Without narration, the movie becomes an entirely visceral experience of Pina's work, set to music ranging from classical to Cat Power. The 3D technology, never obtrusive, brings the viewer onstage as the dancers perform the gloriously savage Le Sacre du Printemps (The Rite of Spring) to Stravinsky's music, on a stage covered with peat. Cafe Müller features the dancers crashing through a room of tables and chairs, culminating in an eerie pas de deux in which a "blind" dancer embraces her male partner, then falls limp through his arms again and again.
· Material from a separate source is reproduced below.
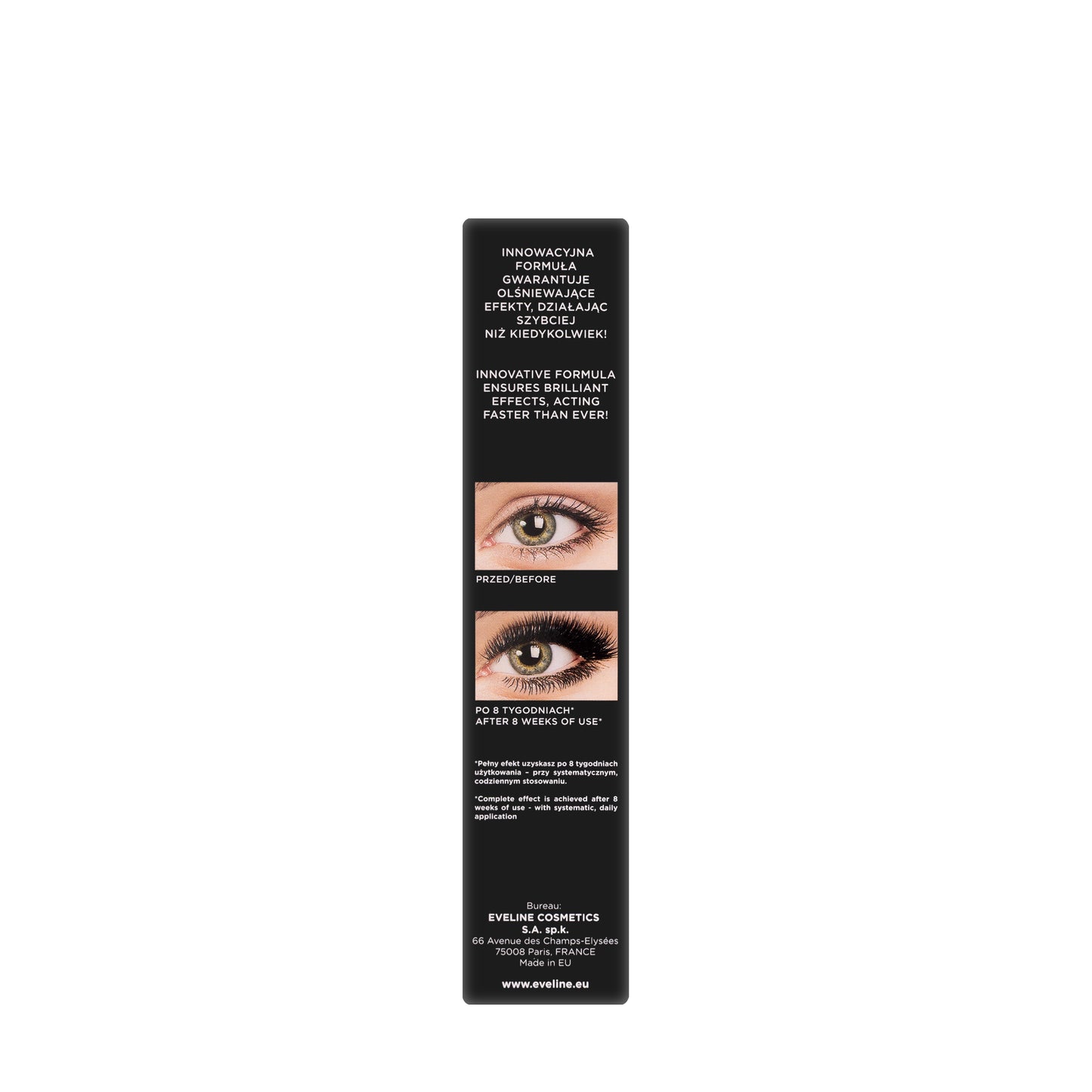 Eveline ReveLASH Concentrated Serum Stimulating Lash Growth 3 Ml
In the ecstatic Vollmond, performed in a pool of shallow water, the dancers interact with a giant boulder, throwing pails of water on it, sliding up, down, and under it.

Pina's choreography is characterized by a savage eroticism reminiscent of the paintings of Frida Kahlo; in one piece, the dancers perform with lipstick smeared on their faces. Wenders' decision to focus on Pina's dances and not her life is in some ways a strength, creating a pure experience of dance. But in other ways it's a weakness, because it leaves unsatisfied the curiosity it provokes. What in this gentle woman's life inspired these furious emotional themes?

Frustrating as Pina may be for more left-brained viewers, its presentation of the dances is exquisite. Wenders takes them out of the theater and places them in unexpected settings around the city of Wuppertal — under an elevated train, inside a factory, by a swimming pool, atop a mountain bluff. These natural contexts make Pina's dances seem even more organic. Still, it's hard not to crave more information about Pina and the technical components of her works, including the captivating costumes.

But Wenders' focus on the emotional experience of Pina's work is a fitting tribute to the choreographer, who disliked verbal explanations. "I'm not interested in how people move," she said, "but what moves them."